Prove that if $\kappa$ is regular, for every family of dense subsets $\{D_\alpha|\alpha<\kappa\}$ there is $x\in\kappa^\kappa$ so that $\forall\alpha<\kappa\exists s\in D_\alpha$ such that $s\subset x$.
I am having trouble visualizing the situation: intuitively I would build $x$ inductively, exploiting the fact that each $D_\alpha$ is dense. Anyhow I can't write a proper definition nor I see where $\kappa$ regular comes into play.

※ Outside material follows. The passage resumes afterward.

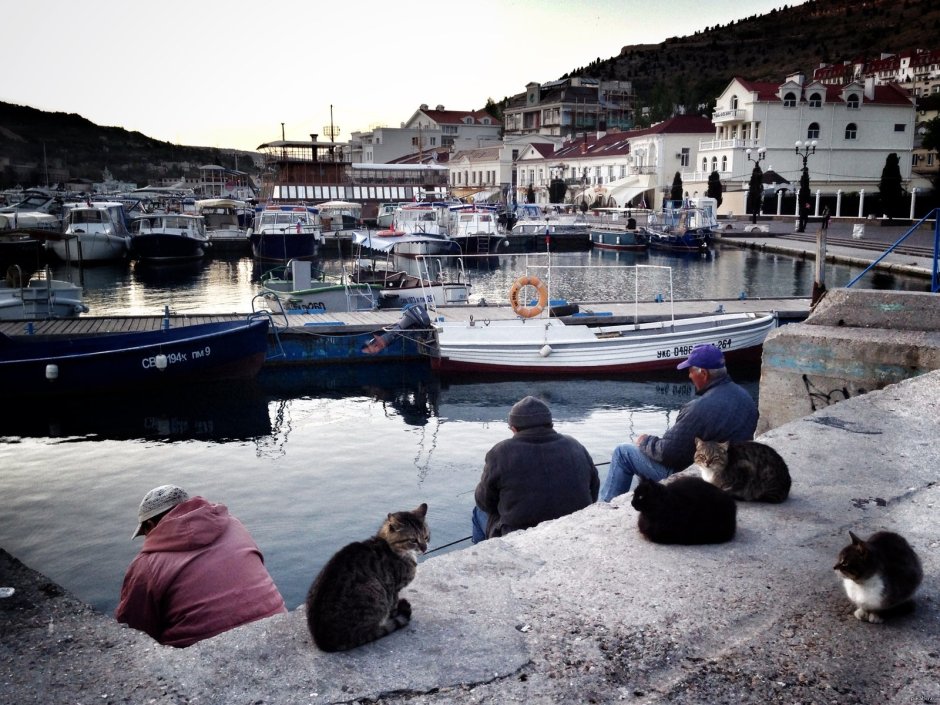 Балаклава Крым коты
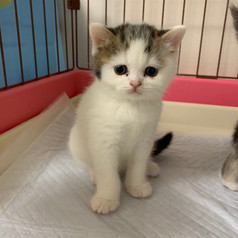 2020.04.04 Maru3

We can construct an increasing sequence $\langle s_\alpha\mid\alpha<\kappa\rangle$ over $\kappa^{<\kappa}$ such that $s_\alpha\in D_\alpha$ as follows: for $\alpha=0$, take any $s_0\in D_0$. If $\alpha=\beta+1$, take any $s_{\beta+1}\supseteq s_\beta$ such that $s_{\beta+1}\in D_{\beta+1}$. If $\alpha$ is a limit ordinal, choose $s_\alpha\supseteq \bigcup_{\xi<\alpha} s_\xi$ satisfying $s_\alpha\in D_\alpha$. (The assumption $\kappa$ is regular is necessary to ensure $\bigcup_{\xi<\alpha}s_\xi$ has length $<\kappa$.)
Then take $x=\bigcup_\alpha s_\alpha$: if $x$ is not a $\kappa$-sequence, make $x$ longer by putting any elements after $x$ so that $x\in \kappa^\kappa$. We can see that some initial segment of $x$ is a member of $D_\alpha$ by the construction.